> _Prompt_:
Copy the records below exactly, starting at the line that contains "Lamart LT9218 Set" and ending at the line that contains "EKONOMODO - Colchón"; leave out any pictures.

Information shown: Begin

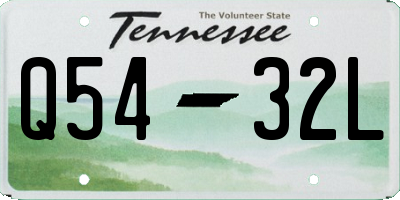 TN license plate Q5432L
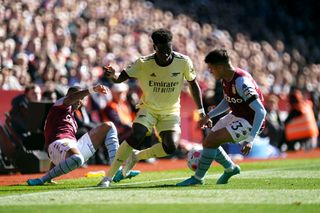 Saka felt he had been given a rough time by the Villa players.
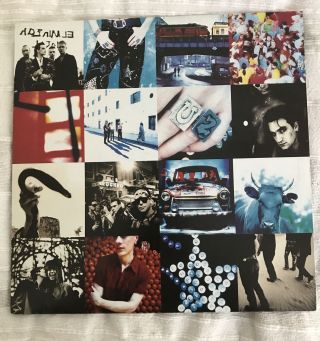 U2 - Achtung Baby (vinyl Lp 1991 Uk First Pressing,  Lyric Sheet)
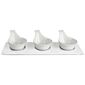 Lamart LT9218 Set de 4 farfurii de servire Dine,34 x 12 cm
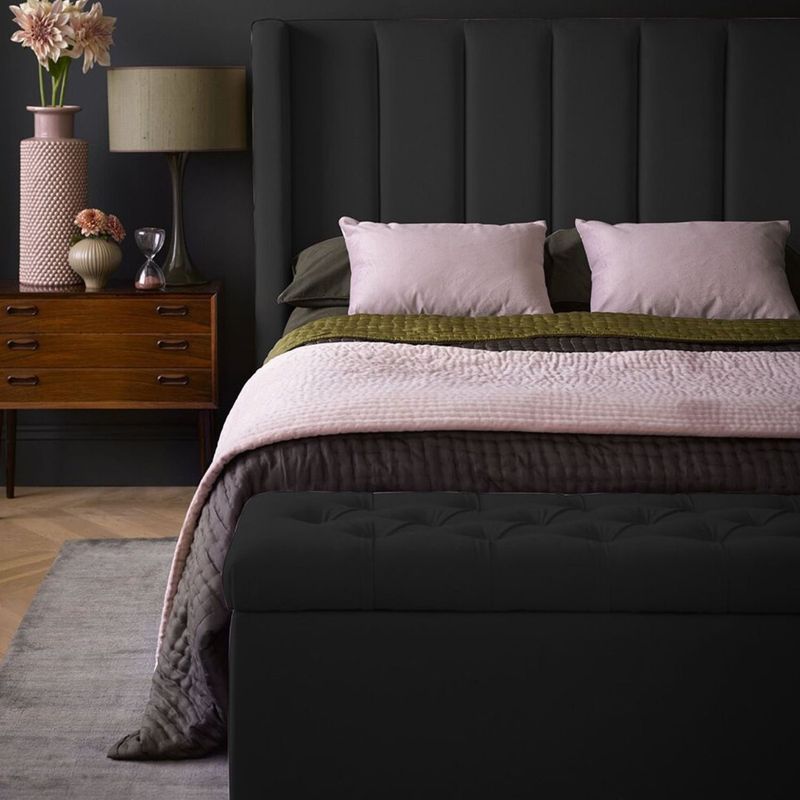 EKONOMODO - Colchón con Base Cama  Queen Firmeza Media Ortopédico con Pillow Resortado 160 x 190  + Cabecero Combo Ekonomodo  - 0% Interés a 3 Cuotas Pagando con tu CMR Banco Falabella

Information shown: End
Information shown: Begin

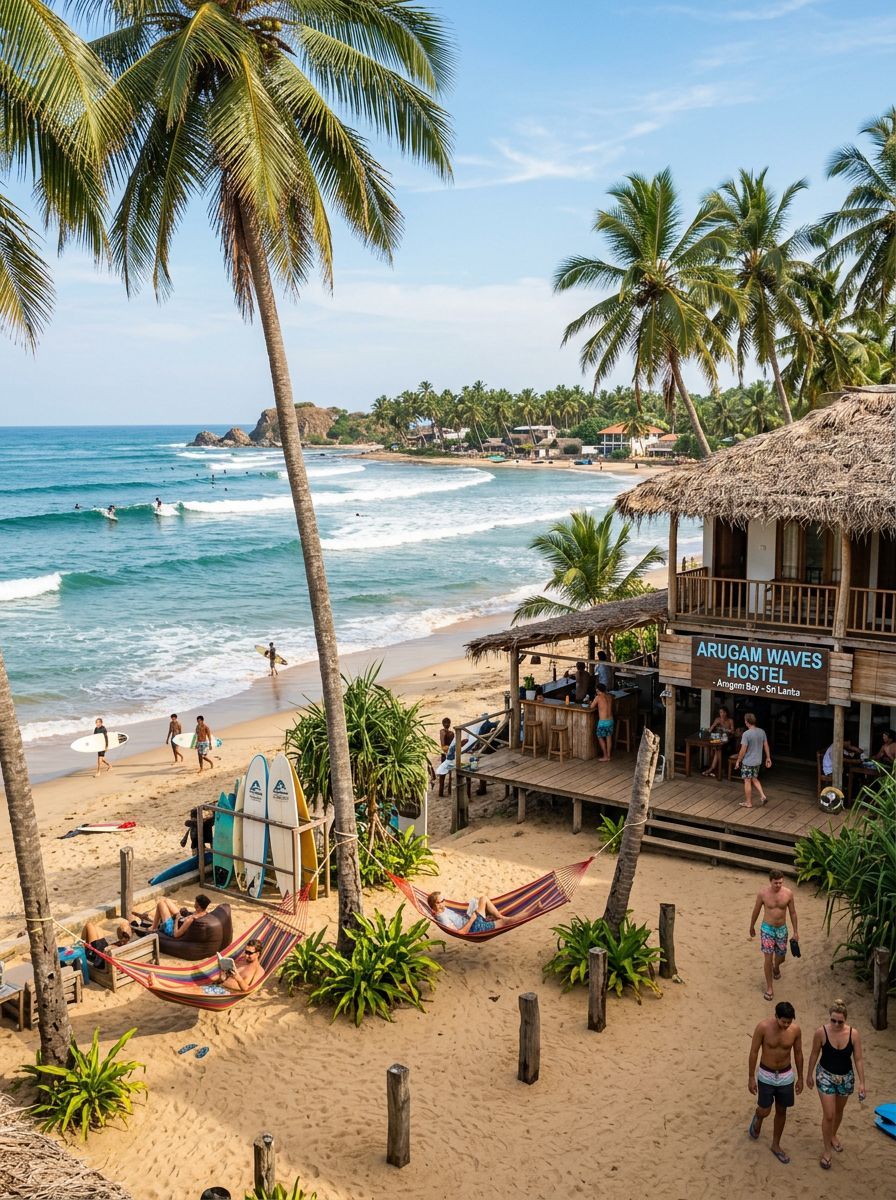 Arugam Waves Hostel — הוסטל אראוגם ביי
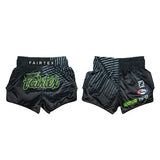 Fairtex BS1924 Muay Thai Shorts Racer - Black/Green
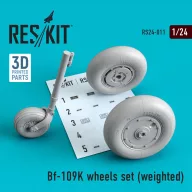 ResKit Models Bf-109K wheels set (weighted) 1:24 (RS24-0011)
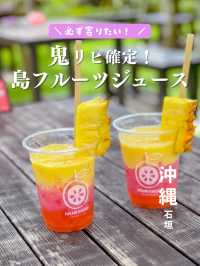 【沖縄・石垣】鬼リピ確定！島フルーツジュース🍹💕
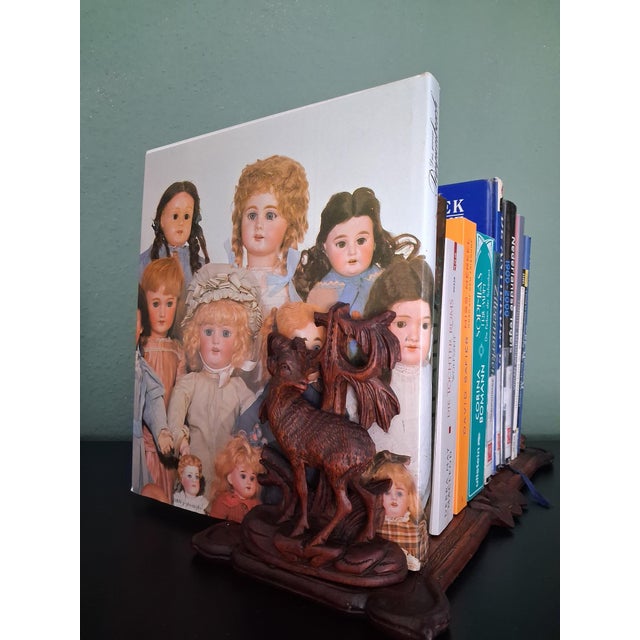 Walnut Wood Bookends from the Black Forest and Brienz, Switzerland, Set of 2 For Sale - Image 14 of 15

Information shown: End
Information shown: Begin

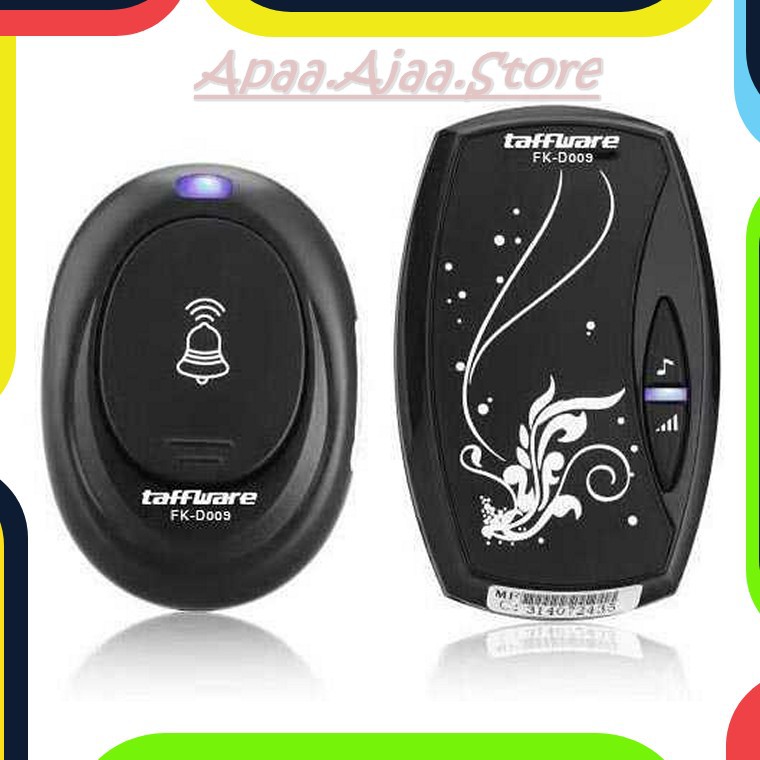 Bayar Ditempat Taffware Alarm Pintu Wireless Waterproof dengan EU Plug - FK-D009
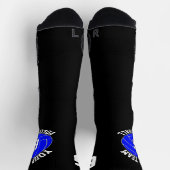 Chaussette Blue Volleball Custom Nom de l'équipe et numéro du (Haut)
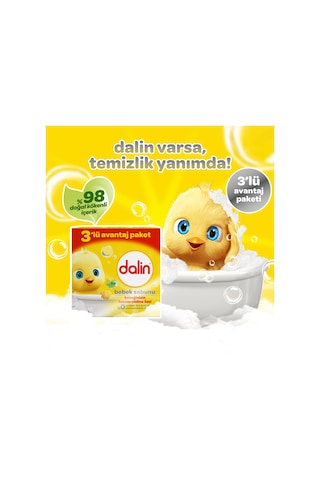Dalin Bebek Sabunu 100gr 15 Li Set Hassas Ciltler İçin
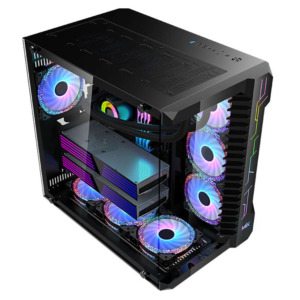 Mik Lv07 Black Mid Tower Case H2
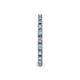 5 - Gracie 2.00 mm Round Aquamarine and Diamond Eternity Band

Information shown: End

> _Answer box_:
 Lamart LT9218 Set de 4 farfurii de servire Dine,34 x 12 cm
 EKONOMODO - Colchón con Base Cama  Queen Firmeza Media Ortopédico con Pillow Resortado 160 x 190  + Cabecero Combo Ekonomodo  - 0% Interés a 3 Cuotas Pagando con tu CMR Banco Falabella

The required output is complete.